**MATERIAL SHOWN**
++++++++

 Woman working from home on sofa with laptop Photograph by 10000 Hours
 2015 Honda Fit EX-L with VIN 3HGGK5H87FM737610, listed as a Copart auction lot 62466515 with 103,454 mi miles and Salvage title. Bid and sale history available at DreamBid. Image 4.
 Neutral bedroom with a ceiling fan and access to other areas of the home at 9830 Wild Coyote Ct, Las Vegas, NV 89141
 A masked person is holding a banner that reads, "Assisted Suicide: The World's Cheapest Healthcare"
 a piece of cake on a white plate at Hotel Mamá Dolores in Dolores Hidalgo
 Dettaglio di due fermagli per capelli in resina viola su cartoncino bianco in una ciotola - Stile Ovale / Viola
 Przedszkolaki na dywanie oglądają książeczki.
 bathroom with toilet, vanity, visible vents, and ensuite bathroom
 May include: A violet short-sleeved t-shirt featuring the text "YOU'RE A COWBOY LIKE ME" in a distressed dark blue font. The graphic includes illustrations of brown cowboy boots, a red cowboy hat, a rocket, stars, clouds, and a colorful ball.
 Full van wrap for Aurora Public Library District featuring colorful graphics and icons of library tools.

++++++++

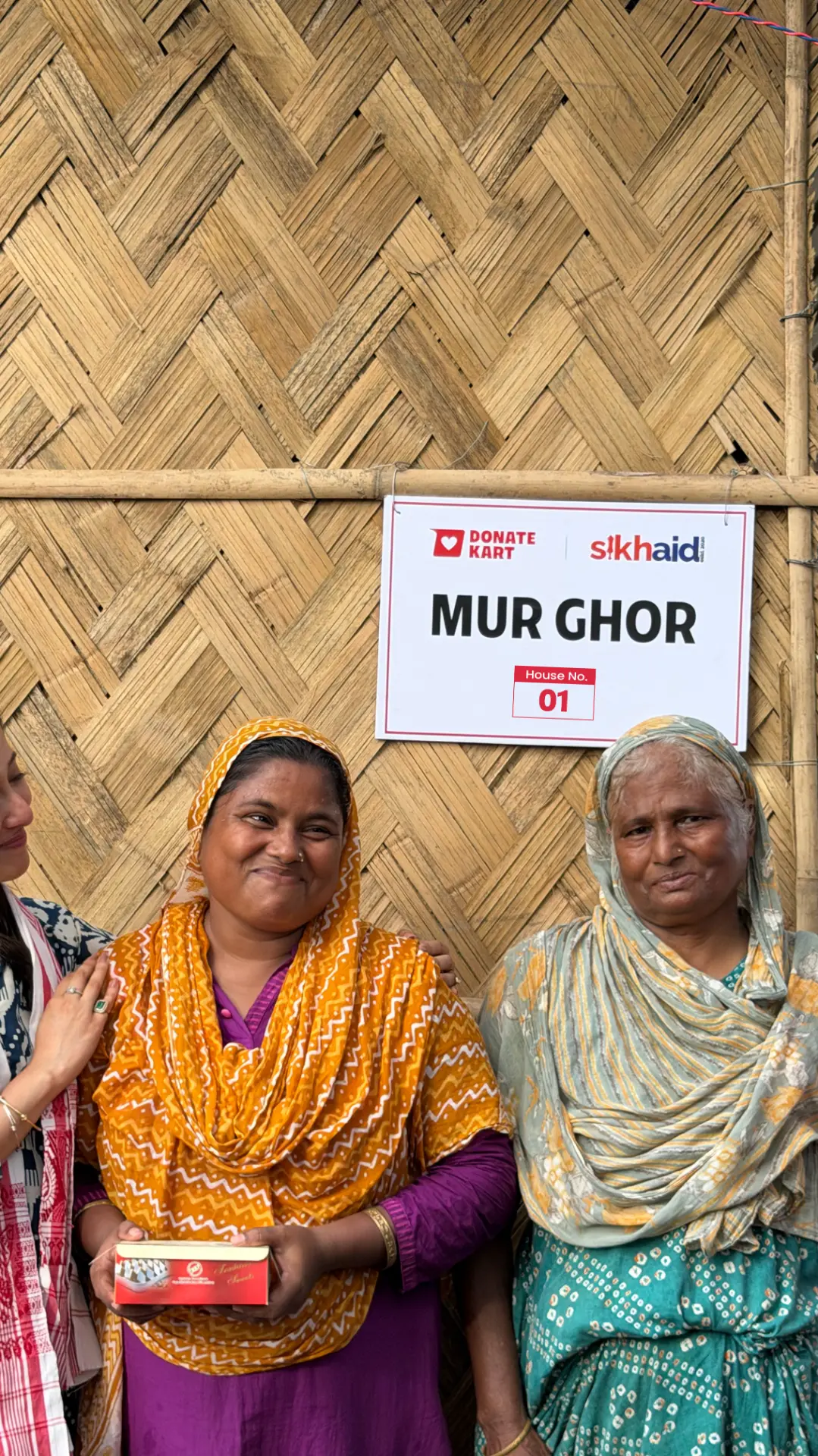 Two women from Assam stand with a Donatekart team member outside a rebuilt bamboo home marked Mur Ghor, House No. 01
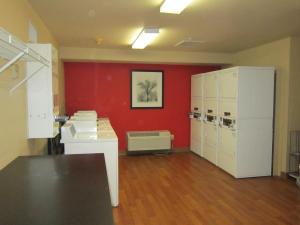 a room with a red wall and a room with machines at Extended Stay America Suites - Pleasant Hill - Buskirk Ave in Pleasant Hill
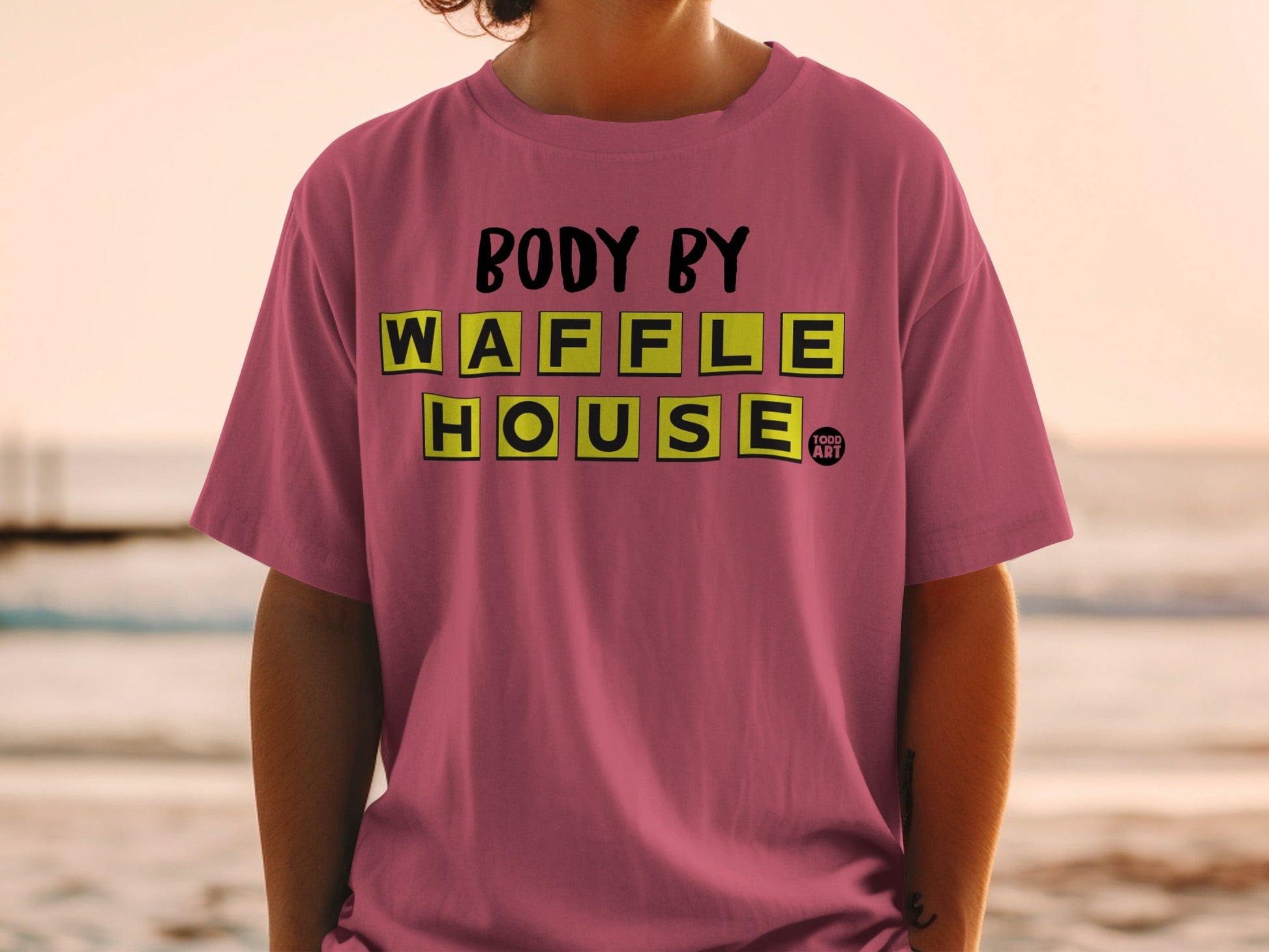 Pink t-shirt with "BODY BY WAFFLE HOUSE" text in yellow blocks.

++++++++

**WHAT YOU SHOULD DO**
Working from the records above, write out verbatim only the lines from the line containing "a piece of cake" through the line containing "Full van wrap".

**YOUR RESPONSE**
 a piece of cake on a white plate at Hotel Mamá Dolores in Dolores Hidalgo
 Dettaglio di due fermagli per capelli in resina viola su cartoncino bianco in una ciotola - Stile Ovale / Viola
 Przedszkolaki na dywanie oglądają książeczki.
 bathroom with toilet, vanity, visible vents, and ensuite bathroom
 May include: A violet short-sleeved t-shirt featuring the text "YOU'RE A COWBOY LIKE ME" in a distressed dark blue font. The graphic includes illustrations of brown cowboy boots, a red cowboy hat, a rocket, stars, clouds, and a colorful ball.
 Full van wrap for Aurora Public Library District featuring colorful graphics and icons of library tools.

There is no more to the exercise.